Ⅽ  …日がのぼる 日が暮れる 日が経つ 日が射す

T  …たくさんあるね。では『日は流れ』という表現は、どういうことを言っているのだろうか。

愛詠 …石段に日があたって、灰色の石段がオレンジ色になっている。

貴大 …ぼくは、時が流れていった―と読める。

聡志 …月日が流れていった。

博之 …読んでいると、だんだん石段が真っ赤に染まっていっているみたい。

良  …時間が、朝からしだいに夕方の方へ…そんな感じ。

一浩 …日が動いていくような。

奏子 …石段に日がさして、オレンジ色になっていく。

T  …次を読むと『石段を足だけが通っていた』と書いてある。この『足だけが』ということから思うことはありますか。

友樹 …石段なんて大したことじゃないでしょ。でも、そこを人間が通って行く。それを『足だけが』と書くと、さみしいような、孤独みたいな、そんな感じがする。

良  …人が歩いている様子を伝えている。

貴大 …これを読むと『足だけ』動いて見える。

T  …すごいね。この書き方から頭の中のイメージに『足だけ』が通って行くようすが浮かぶといういのだ。

愛詠 …足で歩いているんだけど、『足だけが』と書くと、強調している。そのようすに感動して、それを伝えている。

奏子 …『足だけが』…そこは子どもが遊んでいない。見ている人・作者…独りぼっちでいるみたいな…。

聡志 …石段って、ただ踏まれるためだけみたいにある。ただ利用されてだまってそこにあるみたいな感じ。

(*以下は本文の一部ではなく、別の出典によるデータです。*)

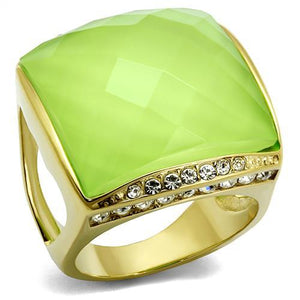TK2661 - IP Gold(Ion Plating) Stainless Steel Ring with Synthetic Synthetic Stone in Apple Green color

裕太 …この石段、ずっと大切にされてきたと思う。子どもたちなんかも、きっと鬼ごっこなんかで通っている。

T  …『石段に老人がすわり/石段で風車が鳴っていた』

良  …疲れたなあって老人がきて座っている。子どもを相手にしてやってきて子どもは遊びはじめていて…。

T  …すてきなイメージだね。

愛詠 …老人が座っていて、石段のとちゅうにね。疲れていて、どこかで風車が鳴っているのが聞こえる。何かその音を聞いて気持ちよさそうに座っている。

博之 …子どもと一緒に石段に来た。子どもはあたりでいたずらしてて、老人は座っている。

聡志 …その老人は、ずっと前からここへやってきた。何か座って、石段の思い出をなつかしんでいるんだ。

友樹 …ぼくのイメージだけど、きっと3・4歳の子をその老人が連れて来た。その子どもを見つめながら「えへへ、かわいいなあ」なんて見ている。

貴大 …この石段だけど、すごく長い階段でね、老人はそのとちゅうをのぼっていて疲れて座ったの。下の方でね、お祭りか何かの時のように風車を売っていて、その音が聞こえてくるんだ。

T  …貴大君のイメージ、すごいなあ。

蒼空 …ぼくは、ここを読んでいると石段が生きているみたいで、風車が鳴って、その音は何かしゃべっているみたいなんだと思う。

裕太 …おじいさんは、子どもの頃の自分を思い出しているんだと思う。石段に座りながらね。きっと子どもの頃、自分もここへきてよく遊んだと思っている。

友樹 …次に『石段はやきいかのにおいがして』と書いてある。“焼きイカ”を落とした人がいる。それが、誰かさっと急いで拾ったんだけど、ずっと石段にしみついている。

良  …ぼくの予想だけど。ここには、もう一人子どもがいて、その子は犬といっしょに石段にいたのだけれど、その犬がピョンピョンと石段をはねている…。

一浩 …もしかして、子どもが遊んでいて、下駄を落としていった。

聡志 …ぼくは、石段に“焼きイカ”のにおいがしてのことだけど、こう思う。一つの焼きイカで匂いがしみつくとは思わないから、ここではいつも“焼きイカ”を誰かが食べていて、そんなところだと思うから、匂いがついているんじゃないか。